本文档提供 TensorCraft-HPC 库的完整 API 参考。

Core 模块

cuda_check.hpp

CUDA 错误检查宏和工具。

#include "tensorcraft/core/cuda_check.hpp"

// 宏定义
TC_CUDA_CHECK(err)      // 检查 CUDA 错误，失败时抛出异常
TC_CUDA_CHECK_LAST()    // 检查最后一个 CUDA 错误

features.hpp

编译时特性检测。

#include "tensorcraft/core/features.hpp"

// 预定义宏
TC_CPP17              // C++17 可用
TC_CPP20              // C++20 可用
TC_CPP23              // C++23 可用
TC_CUDA_VERSION       // CUDA 版本号
TC_HAS_WMMA           // 支持 WMMA (Tensor Core)
TC_HAS_FP16           // 支持 FP16
TC_HAS_BF16           // 支持 BF16
TC_HAS_FP8            // 支持 FP8 (CUDA 12.0+)

type_traits.hpp

类型特征和 Concepts。

#include "tensorcraft/core/type_traits.hpp"

namespace tensorcraft {
// 类型检测
template<typename T> inline constexpr bool is_half_v;
template<typename T> inline constexpr bool is_bfloat16_v;
template<typename T> inline constexpr bool is_numeric_v;
template<typename T> inline constexpr bool is_floating_point_v;

// C++20 Concepts (如果可用)
template<typename T> concept Numeric;
template<typename T> concept FloatingPoint;
}

Memory 模块

aligned_vector.hpp

对齐向量类型，用于向量化内存访问。

#include "tensorcraft/memory/aligned_vector.hpp"

namespace tensorcraft {

template<typename T, int N>
struct alignas(sizeof(T) * N) AlignedVector {
    T val[N];
    __device__ __host__ T& operator[](int i);
    __device__ __host__ const T& operator[](int i) const;
};

// 常用类型别名
using float4_aligned = AlignedVector<float, 4>;
using half8_aligned = AlignedVector<__half, 8>;
}

tensor.hpp

RAII 风格的 Tensor 封装。

#include "tensorcraft/memory/tensor.hpp"

namespace tensorcraft {

template<typename T>
class Tensor {
public:
    explicit Tensor(const std::vector<size_t>& shape);
    Tensor(std::initializer_list<size_t> shape);

    // 移动语义
    Tensor(Tensor&& other) noexcept;
    Tensor& operator=(Tensor&& other) noexcept;

    // 访问器
    T* data();
    const T* data() const;
    size_t size() const;
    size_t bytes() const;
    const std::vector<size_t>& shape() const;
    const std::vector<size_t>& strides() const;
    size_t ndim() const;

    // 数据传输
    void copy_from_host(const T* host_data);
    void copy_to_host(T* host_data) const;
    std::vector<T> to_host() const;

    // 填充
    void fill(T value);
    void zero();
    Tensor clone() const;
};
}

memory_pool.hpp

CUDA 内存池管理。

#include "tensorcraft/memory/memory_pool.hpp"

namespace tensorcraft {

class MemoryPool {
public:
    static MemoryPool& instance();

    void* allocate(size_t bytes);
    void deallocate(void* ptr);
    void clear();
    void trim(size_t max_cached_bytes = 0);
};
}

Kernels 模块

Elementwise

#include "tensorcraft/kernels/elementwise.hpp"

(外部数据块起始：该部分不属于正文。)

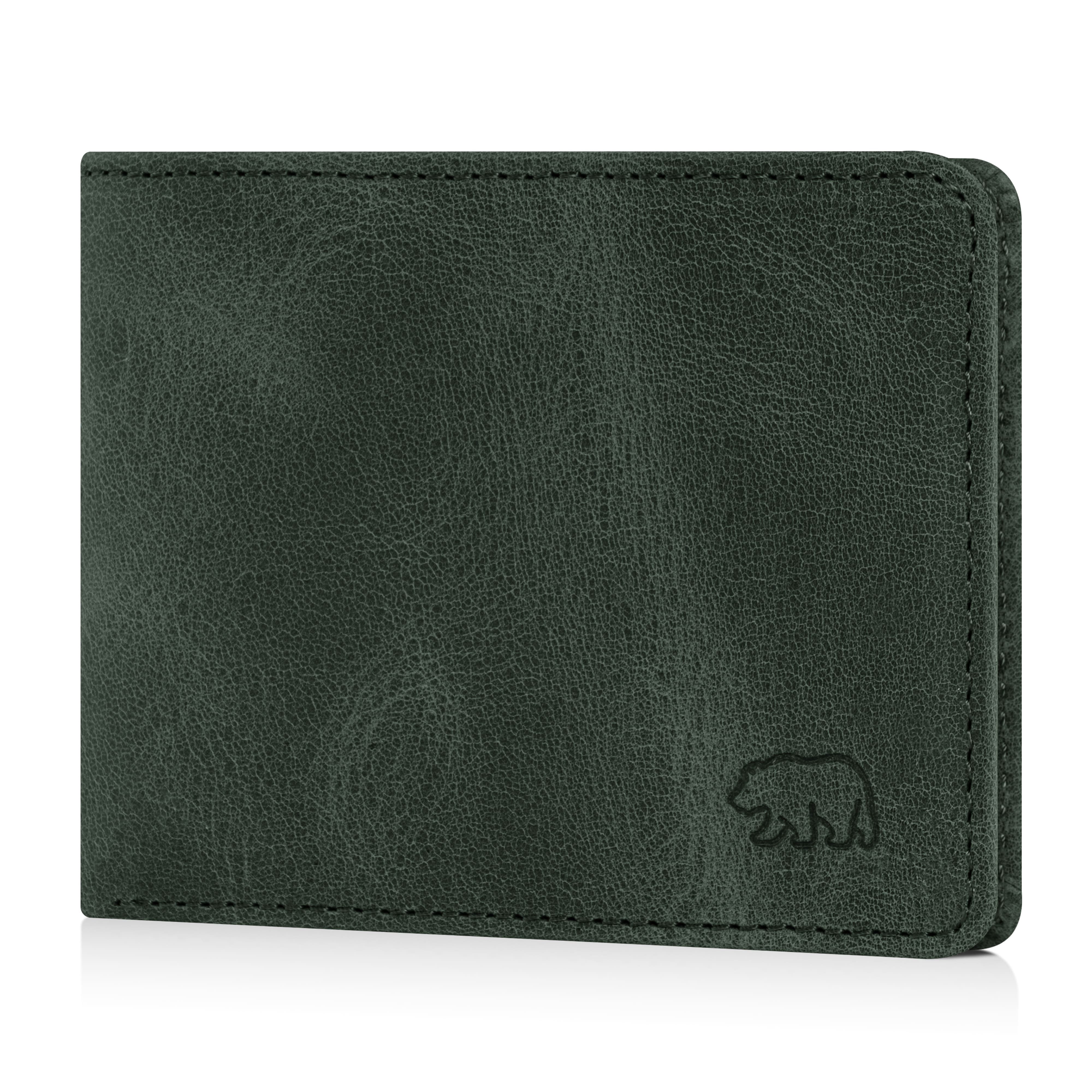Brown Bear Geldbörse 8061 - mit 6 Kartenfächern und RFID-Schutz, aus Echtleder Farbe Olive-Vintage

namespace tensorcraft::kernels {

// 激活函数
template<typename T>
void relu(const T* input, T* output, size_t n, cudaStream_t stream = 0);

template<typename T>
void gelu(const T* input, T* output, size_t n, cudaStream_t stream = 0);

template<typename T>
void silu(const T* input, T* output, size_t n, cudaStream_t stream = 0);

template<typename T>
void sigmoid(const T* input, T* output, size_t n, cudaStream_t stream = 0);

template<typename T>
void tanh_activation(const T* input, T* output, size_t n, cudaStream_t stream = 0);

// 向量运算
template<typename T>
void vector_add(const T* a, const T* b, T* c, size_t n, cudaStream_t stream = 0);

template<typename T>
void vector_mul(const T* a, const T* b, T* c, size_t n, cudaStream_t stream = 0);

template<typename T>
void vector_scale(const T* input, T* output, T scale, size_t n, cudaStream_t stream = 0);

// 通用 Elementwise 启动器
template<typename T, typename Func>
void launch_elementwise(const T* input, T* output, size_t n, Func func, 
                        cudaStream_t stream = 0);

// 预定义 Functors
struct ReLU;
struct GeLU;
struct SiLU;
struct Sigmoid;
struct Tanh;
template<typename T> struct LeakyReLU { T alpha; };
}

Softmax

#include "tensorcraft/kernels/softmax.hpp"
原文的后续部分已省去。